Scale, proportion and quantity are very important when using analog and digital recordings. In analog technologies and recordings, the scale has to be perfect and the proportion can't be off. If it is, you can mess up the whole of the measurement. Take a watch for example. if you misjudge where the hand is pointing, you can get the time wrong. Quantity is also important when you are looking at sampling. Quantity is part of frequency and the frequency at which sampling is performed is important when trying to get almost an exact copy of the data you are trying to convert.

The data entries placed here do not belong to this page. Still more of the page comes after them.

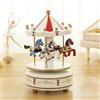 Classic Carillon estetico in legno con grazioso cavallo girevole per collezionisti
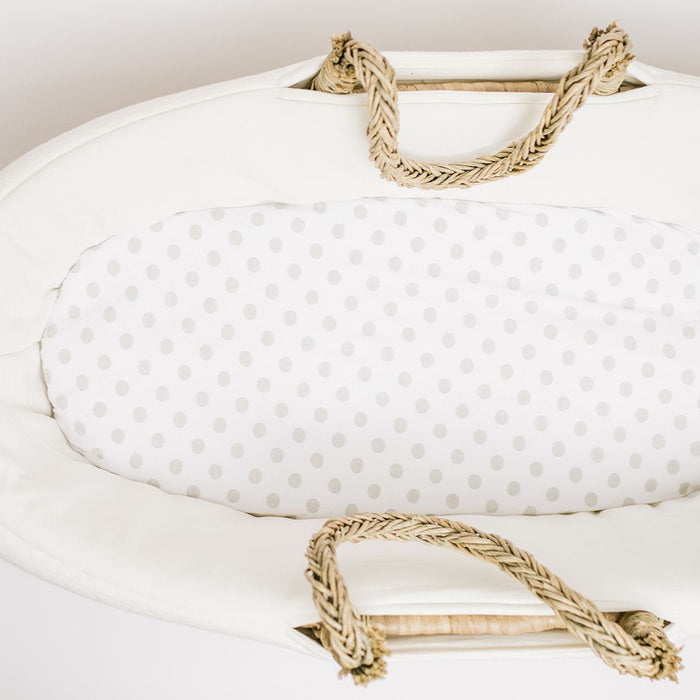 Nodnal Co Gray Polka Dot Bassinet Sheet - Premium Baby Bedding & Essentials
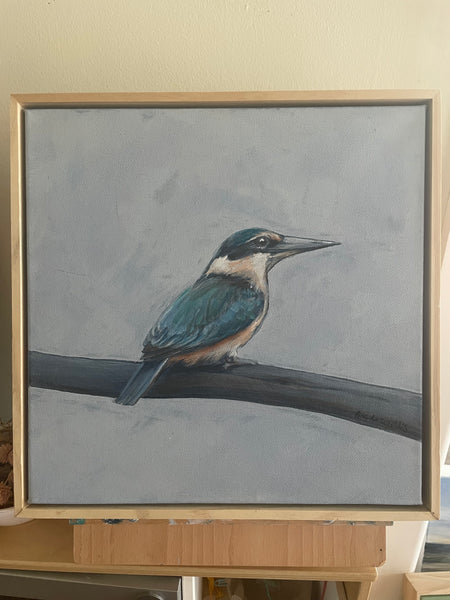 Australian Sacred Kingfisher acrylic painting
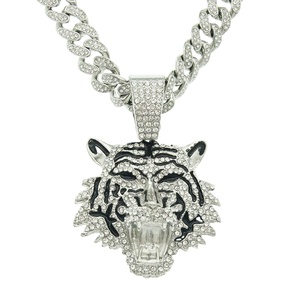 Collar de Cadena Cubana con Colgante de Cabeza de Tigre, Diseño Tridimensional con Diamantes, Estilo Hip Hop, para Hombre, 2026 Sex Disco Balls <span class=keywords><strong>Men</strong></span> Power - Product Image 2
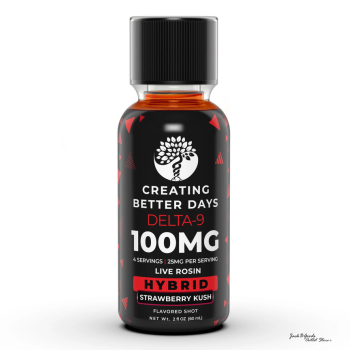 Creating Better Days THC Shots High Potency Strawberry Kush Flavor 100mg (1ea)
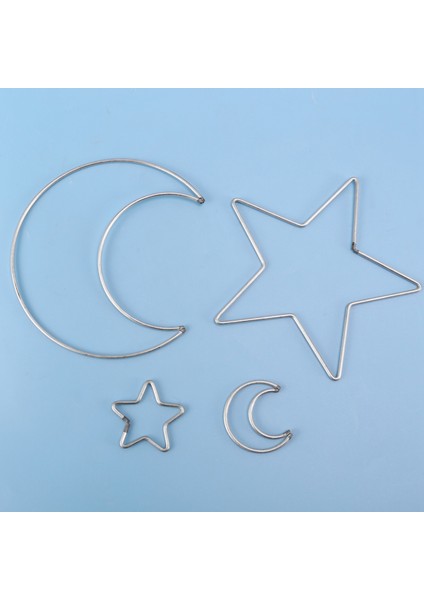 Ay Yıldız Dream Catcher Metal Çember Yüzükler Daire Makrome Dıy Craft Için Dream Catcher Yapımı Ev Duvar Asılı Dekorasyon (Yurt Dışından) fırsatları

Thumb Drum | Multi use instrument

Interaction Version

Have you ever tried to make a homemade instrument? If you have, have you tried to play a song on it? I know I have. Our instrument is called the thumb drum. A device where you can pluck bobby pins, tap a beat and shake out a rhythm. This was all part of a sound waves unit. Sound waves act and move differently depending on the type of vibration. This is seen through the thumb drum as the different parts of the device make different noises. Playing many different notes, the Thumb Drum is a great musical instrument that you can make using basic at home materials. This instrument was part of a great project in which you made an instrument, played the different notes and studied the different soundwaves and then played a song on the instrument. We found that the appearance of the wave changes when the pitch changes because the waves become closer together when the pitch is higher and the opposite happens when the pitch is lower, we also found that the relationship between frequency and pitch is that the higher the frequency, the higher the pitch of the note, the lower that the frequency is the lower than the pitch of the note is. Overall, this has taught me yet another way that we use soundwaves in our life.

Backwards-Looking

I knew many things about sound waves before I started this project. I had worked on this unit for a few weeks before we started the project and was able to know how soundwaves worked. I didn't know much about how to make an instrument though. It was hard to build the instrument because I didn't have many musical experiences and didn't quite understand the making of wind instruments. In the end, I was able to figure out how to make wind instruments, how instruments worked and a lot more about soundwaves than I had known coming into the project.

Inwards-Looking

What satisfies me most about this project is that I was able to build a working and good looking instrument. This was very fun to do and I especially enjoyed being able to make up an instrument and what it could do. I also had fun making the name, Thumb Drum, because I was able to be very creative and it was an overall fun thing to do. I also had lots of fun and am overly satisfied with the way it looks. It is a light purple that is sort of Ambre and the writing of the instrument is good. I think something else I enjoyed was being able to experiment with the sounds and songs as we learned how to play them on our instrument. This was an amazing experience and I loved having the satisfaction of making my very own inventive instrument.

Outwards-Looking

In this project, my group had the same criteria and constraints as everyone else, but we made the project our own. We experimented with making many different instruments instead of just going with one original design. We also made our instrument a few different types of things that are all related to percussion instead of doing a guitar or wind instrument which is what lots of groups ended up doing. I think that we did our instrument different than others, but when it came to doing the sound waves, our results were quite similar, to those of other groups.

Forwards-Looking

One thing I would like to improve upon is time management and not trying to do too much. In our original brainstorm, we had very ambitious designs. We wanted to do a complicated wind instrument and make it look like different animals and play all sorts of different songs. This backfired on us and we spent a whole week of the project trying to get the wind instrument to work. We learned a lot but ended up wasting a lot of clay and time. If I had the chance to try this over again, I would want to save more time and make something that is not too ambitious for what we had to work with.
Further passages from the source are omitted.